### What you will do
Everything from the "Reflect-O-Ray infrared heating" line to the final line of the listing should be written out exactly. Skip the pictures.

### Collected data

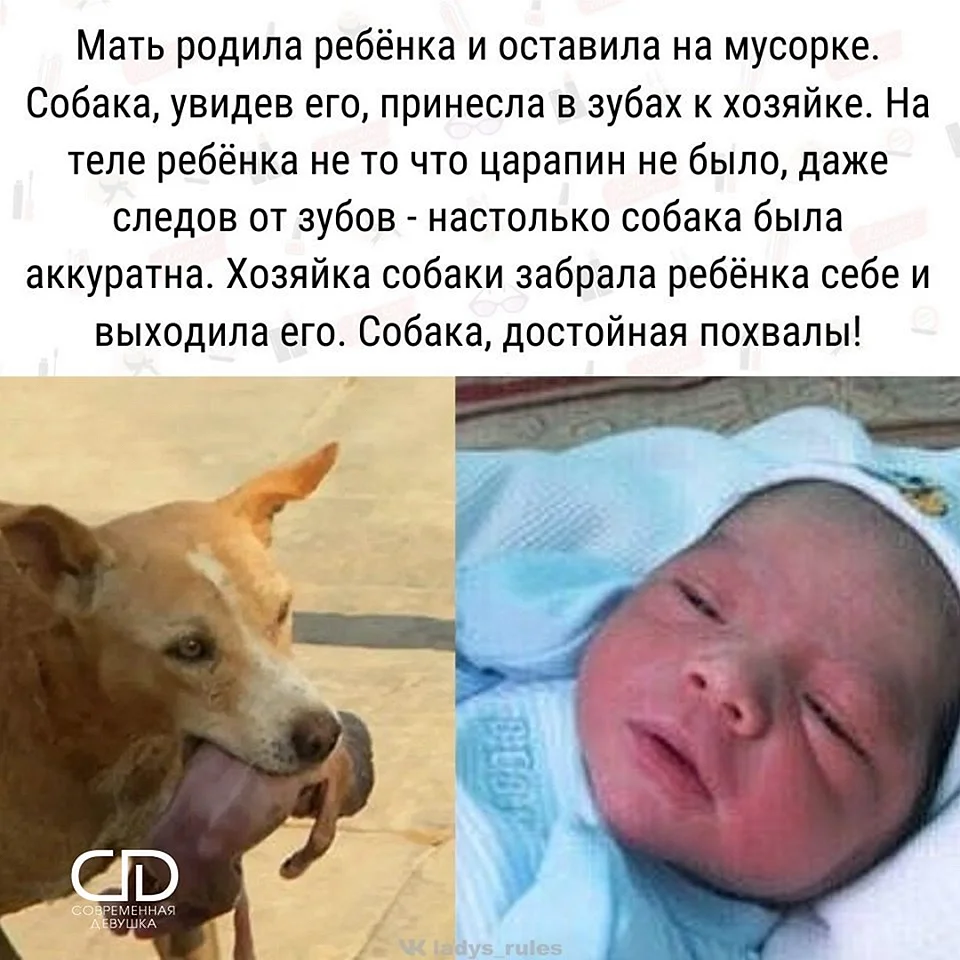 Собака спасла младенца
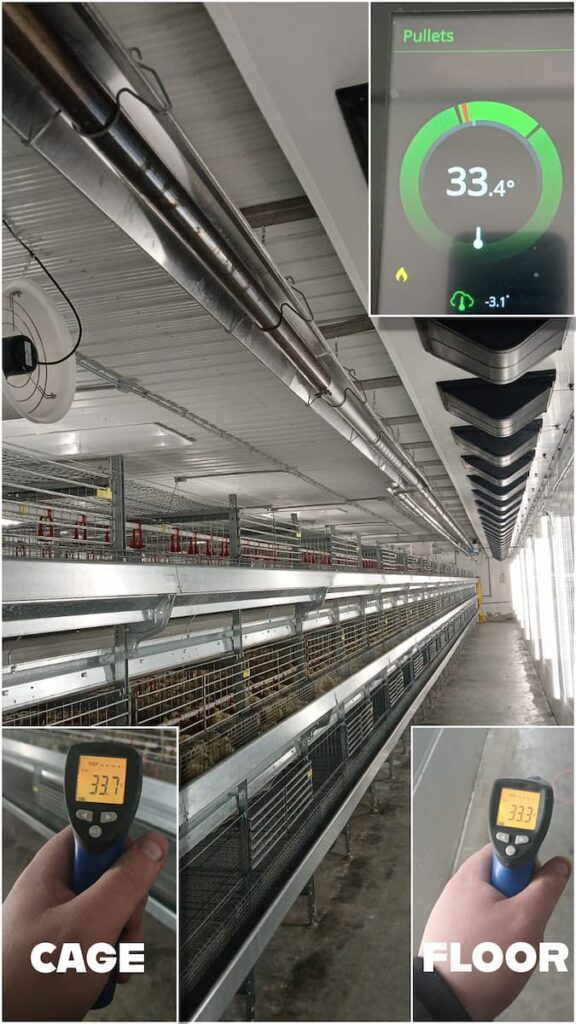 Reflect-O-Ray infrared heating temperature verification at Spring Point Colony poultry barn showing uniform surface temperatures across cages and structure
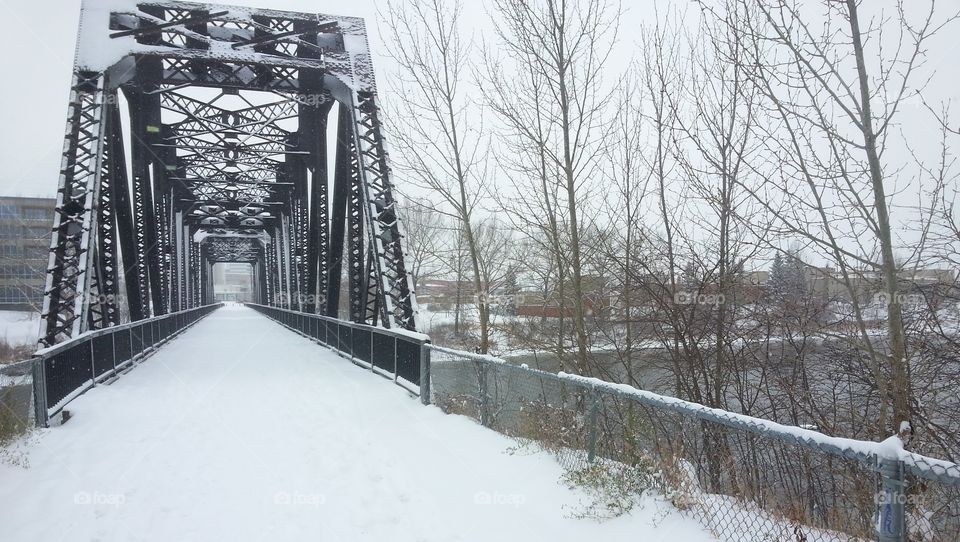Winter, Snow, Cold, Ice, Bridge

### Task answer
 Reflect-O-Ray infrared heating temperature verification at Spring Point Colony poultry barn showing uniform surface temperatures across cages and structure
Winter, Snow, Cold, Ice, Bridge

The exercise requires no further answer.